A Lava Jato sobreviveu a Vaza Jato
Na última semana, dois episódios certificaram que a Lava Jato, afinal, sobreviveu a Vaza Jato.
Primeiro foi o ministro Luiz Fux que cedeu aos apelos das milícias virtuais da extrema direita e cassou, via decisão monocrática, o chamado juiz de garantia. O instituto jurídico — incluído no pacote anti-crime e que divide a condução dos processos criminais entre dois magistrados — foi promulgado pelo Legislativo, mas interpretado pelos lava-jatistas como uma provocação ao ex-juiz Sérgio Moro.
Para resolver a questão, Fux se valeu do expediente tão caro aos juízes e procuradores de Curitiba: usurpou a competência do Plenário e ratificou o modus operandis da Lava Jato pelo qual comportamentos anti-institucionais são permitidos porque realizados em nome da própria institucionalidade — que renasceria renovada ao final do processo, como prega o moralismo farisaico da República de Curitiba.
No dia seguinte a decisão de Fux, foi a vez do atrito entre Sérgio Moro e Jair Bolsonaro a respeito da separação do ministério da Justiça que então daria origem ao ministério da Segurança Pública.
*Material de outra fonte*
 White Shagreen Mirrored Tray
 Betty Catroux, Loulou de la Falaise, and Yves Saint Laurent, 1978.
O presidente esperava se valer duplamente da decisão: tanto pela escolha de um novo ministro da Segurança Pública que facilitaria a cooptação dos órgãos subordinados (como a Polícia Federal), quanto pela erosão do discurso de Moro que não perde oportunidade de alardear a melhora dos índices de criminalidade e segurança.
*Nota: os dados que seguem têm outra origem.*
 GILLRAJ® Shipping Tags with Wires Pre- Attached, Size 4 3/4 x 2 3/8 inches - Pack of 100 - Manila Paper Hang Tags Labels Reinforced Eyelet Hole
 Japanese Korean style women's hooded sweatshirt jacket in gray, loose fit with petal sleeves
A reação, no entanto, foi imediata. Entre boatos de que Moro pediria demissão e o levante nas redes sociais em apoio ao ex-juiz, Bolsonaro recuou.
Foi Moro quem venceu.
Para quem se lembra, essa não foi a primeira intriga entre ambos. Bolsonaro se aproveitou da fraqueza de Moro após a Vaza Jato para empurrar decisões que atacaram a Lava Jato e, na mesma medida, dificultaram as investigações contra o filho Flávio. A lista é variada: Coaf no ministério da Economia; escolha de Aras para a PGR; elogio da decisão de Toffoli que paralisou as investigações do Coaf.
Só quando Bolsonaro tentou forçar a troca do diretor-geral da PF, Maurício Valeixo, que Moro enfim reagiu — momento em que estivemos no limiar da demissão do ex-juíz do governo.
Seguindo o conselho do general Heleno — que alertou o presidente de que “se demitir Moro, seu governo cai” — Bolsonaro não demitiu Moro. E o balde de água fria veio quando a pesquisa do Datafolha revelou que o ministro continuava com a popularidade intacta — de longe, o membro mais popular do governo.
Dali em diante, o presidente fez questão de elogiar o ex-juiz no discurso da ONU e, mais importante, concentrou os esforços do governo pela aprovação acelerada do pacote anti-crime do ministro, que estava em parado desde o começo do ano.
Moro, que não é bobo, pegou carona na popularidade e politizou o trâmite do pacote pelo legislativo. Contra a emenda do juiz de garantia inserida pelo deputado Marcelo Freixo (PSOL-RJ), Moro convocou as milícias virtuais pela defesa do projeto original. Uma coisa é certa: enquanto todo mundo percebe que Bolsonaro não resiste a tentação de salvar o filho, o discurso anti-corrupção se agarra novamente a Moro.
Assim se explica o despudor de Fux em proferir liminar tão descarada. E também por isso, quando o presidente tentou extinguir o superministério de Moro, a reação foi tal que quem foi fritado não foi o ex-juiz, mas o próprio Bolsonaro.
As revelações do The Intercept impugnaram derrotas a Lava Jato no Legislativo (lei de abuso de autoridade) e no STF (prisão após o trânsito em julgado; mudança na ordem das alegações finais; caixa 02 como competência da Justiça Eleitoral). Essas derrotas, no entanto, foram mais “técnicas” do que fatais. Dito de outro modo: mesmo que o vazamento tenha revelado o conluio criminoso entre setores do Ministério Público e do Judiciário, Moro e a Lava Jato sobreviveram
Ainda na semana passada, o ex-juiz esteve no programa Roda Viva e marcou sua distância ao presidente em temas como liberdade de imprensa e o juiz de garantias (que Bolsonaro não vetou). Mais do que isso: Moro comentou seus feitos como juiz e ministro como quem não pretende parar por aí.
Bolsonaro já chegou a oferecer a vaga de vice à Moro em 2022, mas esse não pareceu animado. Resta, ao presidente, a carta na manga de oferecê-lo a vaga no STF.
Ou Moro terá a vaga no STF. Ou Moro será candidato em 2022. Em ambos os casos, a Lava Jato está viva e galgando posições.